* [Try it] Copy out all lines of the records in which the word "Street" appears.

### Source records ###

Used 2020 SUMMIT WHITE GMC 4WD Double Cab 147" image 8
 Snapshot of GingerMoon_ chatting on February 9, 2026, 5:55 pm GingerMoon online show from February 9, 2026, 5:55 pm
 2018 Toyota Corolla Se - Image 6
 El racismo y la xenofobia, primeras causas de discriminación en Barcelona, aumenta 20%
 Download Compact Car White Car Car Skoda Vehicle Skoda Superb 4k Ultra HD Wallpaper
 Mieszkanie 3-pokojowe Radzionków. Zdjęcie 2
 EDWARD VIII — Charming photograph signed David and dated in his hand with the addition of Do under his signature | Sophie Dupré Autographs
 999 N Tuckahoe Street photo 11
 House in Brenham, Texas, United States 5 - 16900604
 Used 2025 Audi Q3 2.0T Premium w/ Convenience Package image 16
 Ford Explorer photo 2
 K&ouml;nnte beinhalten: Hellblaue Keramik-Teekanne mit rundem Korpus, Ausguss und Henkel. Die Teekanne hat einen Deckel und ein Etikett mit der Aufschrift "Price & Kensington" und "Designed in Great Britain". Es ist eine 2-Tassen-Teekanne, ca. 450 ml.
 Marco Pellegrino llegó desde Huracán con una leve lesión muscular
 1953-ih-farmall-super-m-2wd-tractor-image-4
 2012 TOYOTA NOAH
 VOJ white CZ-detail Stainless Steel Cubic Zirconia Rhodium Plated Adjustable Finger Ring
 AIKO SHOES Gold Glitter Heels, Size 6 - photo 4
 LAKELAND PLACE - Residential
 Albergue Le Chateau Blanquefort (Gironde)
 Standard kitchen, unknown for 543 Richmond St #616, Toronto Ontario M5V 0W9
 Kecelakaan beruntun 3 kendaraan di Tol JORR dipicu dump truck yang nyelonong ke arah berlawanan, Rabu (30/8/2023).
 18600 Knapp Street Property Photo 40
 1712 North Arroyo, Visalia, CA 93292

###

* [Expected answer]
 999 N Tuckahoe Street photo 11
 18600 Knapp Street Property Photo 40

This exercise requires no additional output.